Strip the pictures, then copy the remaining data exactly as it stands.

[Exercise data Boundary: Start]

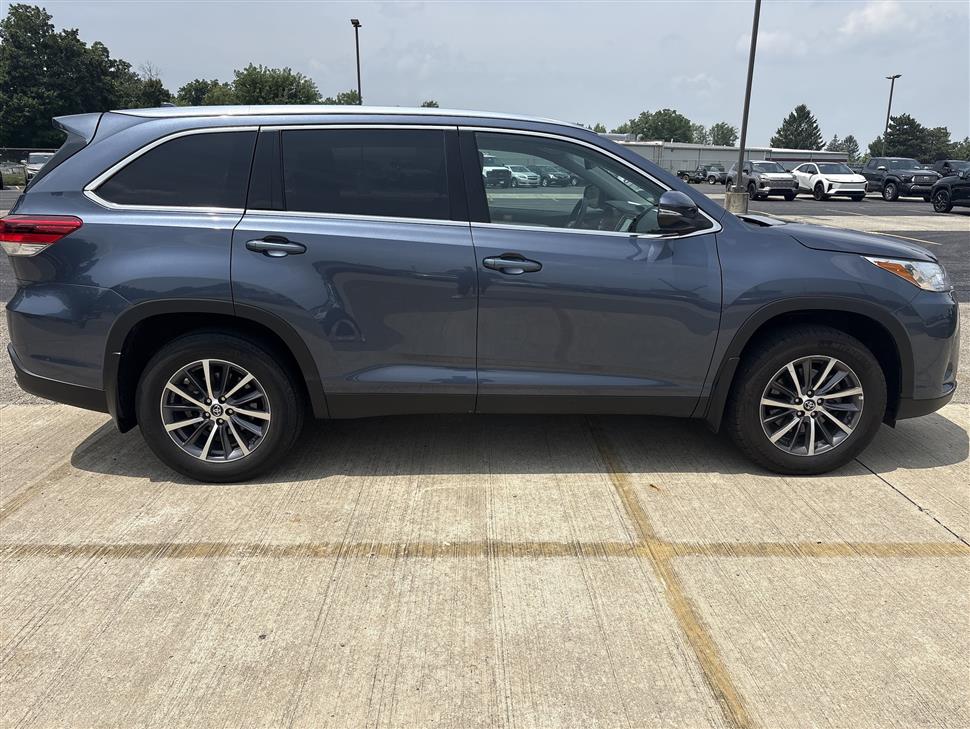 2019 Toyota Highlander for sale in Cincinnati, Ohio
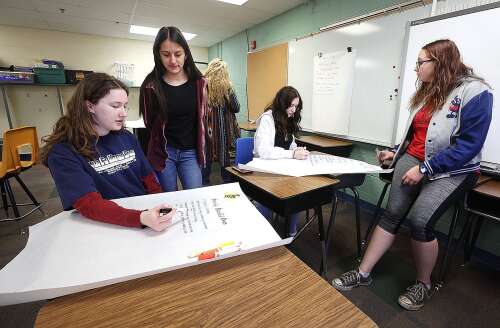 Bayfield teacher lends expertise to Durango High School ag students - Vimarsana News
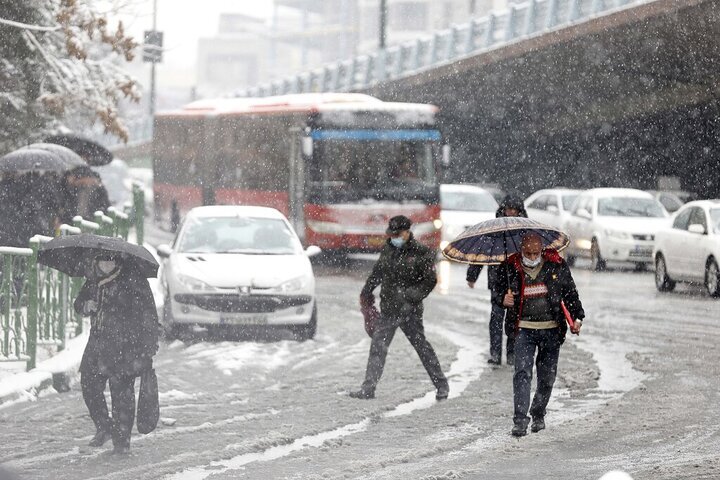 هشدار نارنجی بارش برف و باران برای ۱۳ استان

[Exercise data Boundary: End]

Your response »
 2019 Toyota Highlander for sale in Cincinnati, Ohio
 Bayfield teacher lends expertise to Durango High School ag students - Vimarsana News
 هشدار نارنجی بارش برف و باران برای ۱۳ استان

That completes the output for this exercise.